Maynard, aged just 19, hit three successive sixes against Yorkshire to bring up his 100 and become the youngest Glamorgan player to hit a Championship century.
Some of Maynard's Glamorgan team-mates were more synonymous with St Helen's - Robert Croft, David Hemp and Tony Cottey started their cricketing journey with Swansea.
It was fitting that Croft became the fourth Glamorgan bowler to reach 1,000 first-class wickets for the Welsh county at the ground in July 2010.
Don Shepherd was the first onto the pitch, along with another Glamorgan great Peter Walker, to congratulate Croft, bringing the spinner a glass of champagne.

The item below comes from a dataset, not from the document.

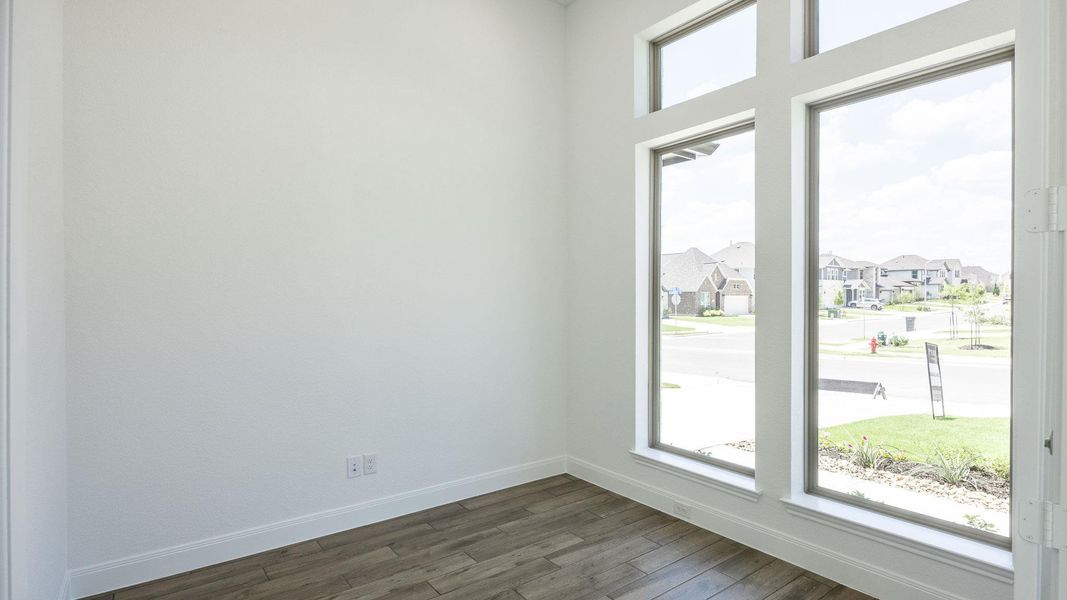 Unfurnished room with a residential view and dark wood-type flooring Unfurnished room with a residential view and dark wood-type flooring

Shepherd, who was Glamorgan's record wicket-taker with 2,174 (and 2,218 first-class victims in total) was the original local Swansea boy who excelled at St Helen's.
His remarkable record at his beloved home was 464 wickets taken at an average of just 20 in 125 first-class matches, which included 30 five-wicket hauls.
His best bowling performance in Swansea of nine for 48, against Yorkshire in 1965, came after Glamorgan team-mate Jim Pressdee had taken nine victims in the first innings.
There are so many more memories that could be recalled from Swansea's cricketing old lady as the final bell will be rung for this sport at St Helen's.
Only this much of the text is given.